Mr. Chair, members of the committee, thank you for this opportunity to appear before you today.
The Industrial Security Program plays an important role in keeping government information and assets secure when these are entrusted to the private sector as a result of a government contract. In a nutshell, we do this by screening individuals and firms for all contracts for which PWGSC is the contracting authority, and when requested by other government departments exercising their own contracting authority.
The program processes about 2,000 security-related contracts a year, 75 % for which PWGSC is the contracting authority. We carry out this role for federal contracts and for contracts awarded to Canadian firms by the foreign governments with which we have security agreements.
While PWGSC is not the only department to perform contract security functions, as the main purchasing arm of the Government of Canada we handle many large contracts involving sensitive information and assets.
I was briefed on the initial observations and findings of the Auditor General last June, shortly after I began my duties as deputy minister of PWGSC. As the accounting officer, I took these observations seriously and began work in earnest to address the concerns raised. We did not wait until the Auditor General tabled her report.
Let me say before going any further that we agree with all of the Auditor General's recommendations. Our action plan has been reviewed by the Auditor General and tabled with the committee. It has four key elements that directly address her concerns.
First, we instituted a certification process to ensure that client departments clearly identify for every contract request whether there is a security requirement or not.
Second, we completed and issued an industrial security standard operating procedure that has been in draft form, and we train our people to ensure it is consistently followed.
Third, the industrial security program's information and technology systems were certified as mandated under government security policy.
Fourth, our business continuity plan now calls for daily, rather than weekly, backup of our security data.

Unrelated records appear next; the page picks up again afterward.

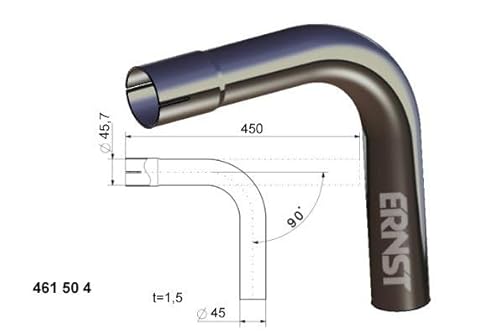 Auspuff Rohrbogen 90 ° Grad Länge 450 mm einseitig aufgeweitet à˜ 38 42 45 50 55 60 65 mm Auswahl: (à˜ 45 mm AuàŸendurchmesser) von AUPROTEC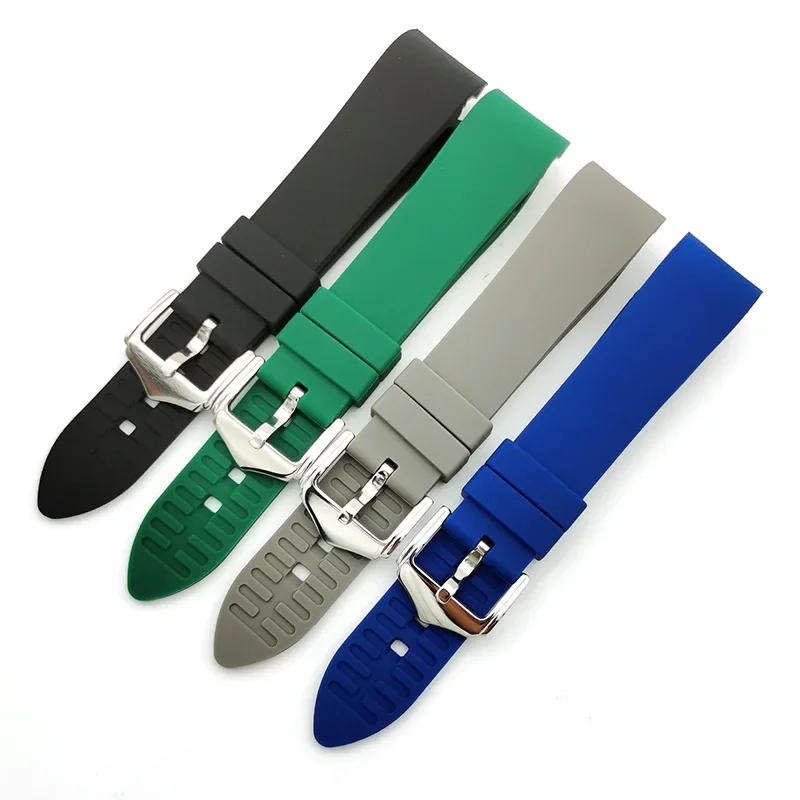 Silicone Strap with Curved Ends for Sport Watches - Replacement Wrist Band Accessory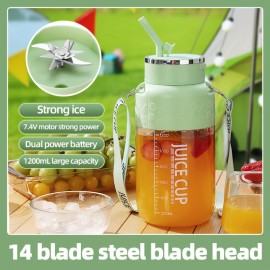 1200 milliliters capacity, universal for all seasons, large-capacity wireless portable juicer bucket, electric sports cup-style fresh fruit juicer, 10sets of stainless steel blades, powerful motor, highly suitable for outdoor fresh juice extraction.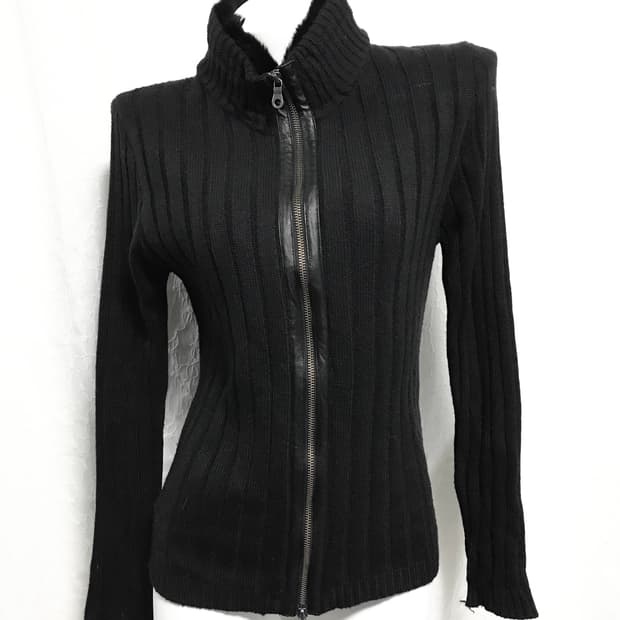 빈티지 00s 펑크 골지 퍼 카라 투웨이 니트 집업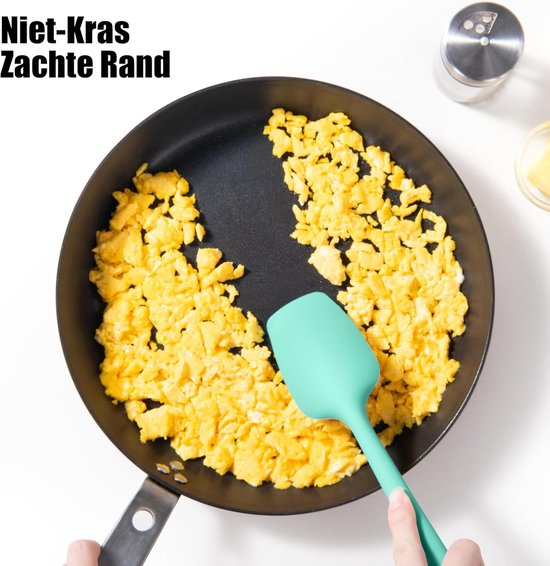 Spatels, hittebestendig 315℃, 4 stuks, cieelblauw - Voedselveilige rubberen komschraper, hittebestendig, zacht lepelgerei, krasvrij, anti-aanbak, koken, bakken, mengen schrapen — afbeelding 2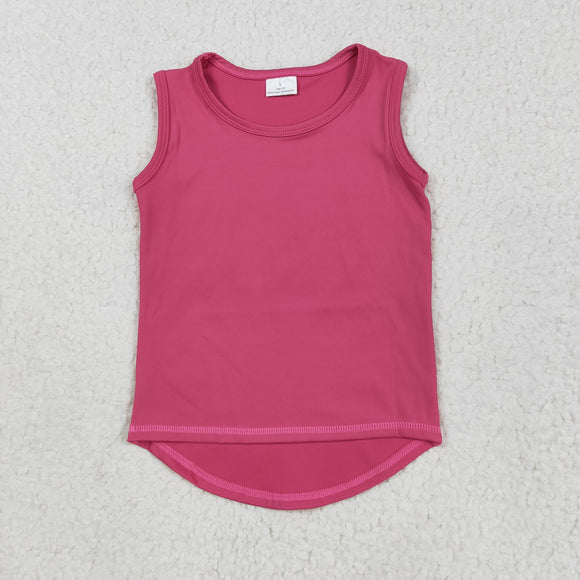 Solid Hot Pink Athletic Girls Sleeveless Top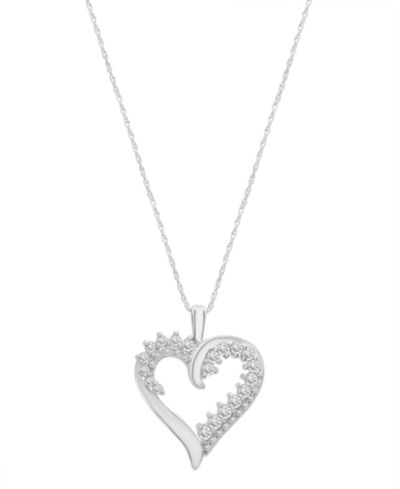Подвеска-кулон с бриллиантом и открытым сердцем, 18", 1/2 ct. t.w.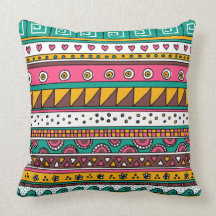 Colorful Tribal pattern Pillow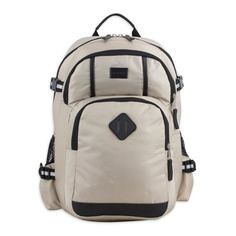 a white backpack with black trims on the front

Furthermore, recognizing the program's importance, we took additional steps. The program is undergoing an independent third party management review of its mandate, roles and responsibilities, and program delivery to be completed by March 31. IT upgrades are being made to improve the exchange of information between the department's contracting and security systems. And an advisory board comprising senior officials with experience in the security area has been struck to provide advice on the direction and policies of the program and to advance coordination and improvement of contract security across government. It held its first meeting in January.
We are also conducting a detailed review of all 3,000 current contracts with security requirements to verify that the program has fulfilled its security obligations. This review will be completed some time in August.
Finally, on the issue of resources to fully carry out the program's activities, the department has, year over year, reallocated resources on top of the existing base. In 2007-2008, an additional $11.2 million was allocated to contract security-related activities.
I am working diligently with my colleagues at Treasury Board Secretariat and the Privy Council Office to secure an increase in our permanent funding base for the program.
Thank you, Mr. Chair. I would be happy to answer your questions.